Supreme Court judge Séamus Woulfe has been listed to hear his first appeal in that court next month.
Mr Justice Woulfe was appointed to the Supreme Court last July but, as a result of the controversy surrounding his attendance at an Oireachtas society golf dinner in August, has yet to hear an appeal.
Because of his role as a former attorney general, some appeals might also involve a conflict for him, which would preclude his hearing them.
According to the latest Supreme Court list, he will sit as a member of a five-judge court, presided over by Chief Justice Frank Clarke, to hear, via remote video conference, his first Supreme Court appeal on May 6th. He is also listed to hear another appeal on May 13th.
Last February, Mr Justice Woulfe began sitting as part of three-judge panels of the Supreme Court to hear “in-chambers” applications for permission to bring appeals to the Supreme Court.

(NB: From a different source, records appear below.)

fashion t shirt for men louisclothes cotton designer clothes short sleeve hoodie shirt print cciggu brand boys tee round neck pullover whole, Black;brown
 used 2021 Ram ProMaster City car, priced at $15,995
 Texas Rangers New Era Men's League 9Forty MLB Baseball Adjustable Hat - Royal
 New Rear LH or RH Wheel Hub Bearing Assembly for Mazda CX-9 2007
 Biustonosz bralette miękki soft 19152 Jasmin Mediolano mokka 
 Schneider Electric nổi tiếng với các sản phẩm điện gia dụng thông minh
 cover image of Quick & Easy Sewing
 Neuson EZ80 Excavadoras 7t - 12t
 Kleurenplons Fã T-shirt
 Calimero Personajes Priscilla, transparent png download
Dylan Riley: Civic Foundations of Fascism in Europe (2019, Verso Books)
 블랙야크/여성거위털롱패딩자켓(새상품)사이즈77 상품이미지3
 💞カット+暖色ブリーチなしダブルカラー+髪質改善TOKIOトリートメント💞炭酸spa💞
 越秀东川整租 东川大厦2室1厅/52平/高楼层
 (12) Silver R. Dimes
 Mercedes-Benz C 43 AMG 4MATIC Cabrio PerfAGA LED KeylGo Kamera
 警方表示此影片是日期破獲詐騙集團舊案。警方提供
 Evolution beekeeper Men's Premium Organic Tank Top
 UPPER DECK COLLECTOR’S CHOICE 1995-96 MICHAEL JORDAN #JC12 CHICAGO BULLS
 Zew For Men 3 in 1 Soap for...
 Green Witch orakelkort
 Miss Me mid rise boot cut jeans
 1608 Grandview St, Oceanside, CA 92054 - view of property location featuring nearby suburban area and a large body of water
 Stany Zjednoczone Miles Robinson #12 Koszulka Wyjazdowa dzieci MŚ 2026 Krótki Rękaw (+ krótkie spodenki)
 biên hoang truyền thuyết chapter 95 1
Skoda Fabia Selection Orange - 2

The panels hearing such applications do not sit in public and take place in private via video conference, with the judges working from their homes or chambers.
In March, Mr Justice Woulfe also began sitting as a member of a three-judge Court of Appeal to hear a number of appeals in that court.
In the wake of his appointment, Mr Justice Woulfe became embroiled in the so-called Golfgate controversy.
That led to a review by former chief justice Susan Denham who, in her report of October 1st, 2020, expressed the view it would have been better had the judge not attended the golf dinner but it would be “unjust and disproportionate” to seek his resignation.
However, publication of a transcript of the interview between Ms Denham and Mr Justice Woulfe heightened the controversy and ultimately led to an extraordinary exchange of correspondence between the new judge and Chief Justice Frank Clarke, in which the latter expressed his personal view Mr Justice Woulfe should resign from the court.
Pay offer
Mr Justice Woulfe said he did not believe he should resign but offered that his pay as a Supreme Court judge be given to a charity, for a period of three months, and that he not sit in the court until February last.
He also said, inter alia, he would be willing to sit as a High Court judge during the three-month period to February in order to assist with any shortage of judges and any delays for litigants in certain lists in that court.
Sources say his sitting on the Court of Appeal was in line with that offer and provided some judicial experience in circumstances where he had not previously sat as a judge of any court. Supreme Court judges occasionally, although not regularly, sit as a member of the Court of Appeal.
Since his appointment last July, there have been some changes on the Supreme Court. The Government announced earlier this month that it was nominating Mr Justice Gerard Hogan, currently advocate general of the European Court of Justice, to the Supreme Court, to fill the vacancy created by the appointment last year of Ms Justice Mary Irvine as president of the High Court. Mr Justice William McKechnie retired from the Supreme Court earlier this month, and the Chief Justice is due to retire later this year.